Y yo veía todos los días estas maravillosas nueve flores, impresionantes, abatirse cual barco en la tempestad, el viento no sólo las movía a ellas, si no que a toda la estructura que las sostenía, de lado a lado, de arriba abajo, sin tregua, noches enteras, y nada… Las flores seguían su ritmo, día a día se abrían más y más , aprovechaban los tibios rayos de sol y crecían con el agua, hubo temporales en que se voló hasta la parrilla y la casa de los perros, pero las flores del magnolio no, ellas simplemente seguían ahí, resistiendo.
Después de 32 días la primera flor cayó, y tras ella fueron cayendo una a una, justamente en una semana despejada y la mayor parte del tiempo con sol. Entonces me acerqué y recogí los pétalos en el suelo, traté de armarlos como un rompecabezas buscando alguna explicación técnica, y claro encontré miles… Pero ya no servían, su misión estaba más que cumplida, de hecho, se estaba destruyendo maravillosamente, para dar paso al fruto y luego a las semillas.
Creo que este ritmo tiene absoluta relación y semejanza con nosotros mismos, con las miles de situaciones y vivencias que experimentamos día a día, que las vivimos, claro, pero no siempre sabemos por qué lo hacemos, o qué repercusión tendrán en un futuro…
Las decisiones que tomamos, ¿cómo y por qué nos movemos, dónde estamos, por qué pasó esto?

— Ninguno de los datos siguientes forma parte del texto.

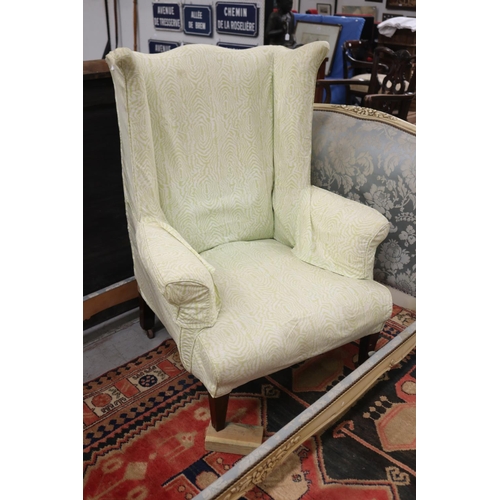 261 - English armchair with white and green upholstery, AF to foot, castor in office (B13460-3-78), approx...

Porque todas estas inquietudes en algún determinado momento, independiente del paso del tiempo, se calman. Es ahí cuando sentimos esa dicha inexplicable, esa grata sensación, la misma de cuando escuchábamos la sinfonía junto al paisaje sentados, la misma del magnolio, la de sentir que: No es ni antes, ni después, cuando tiene que ser: Es.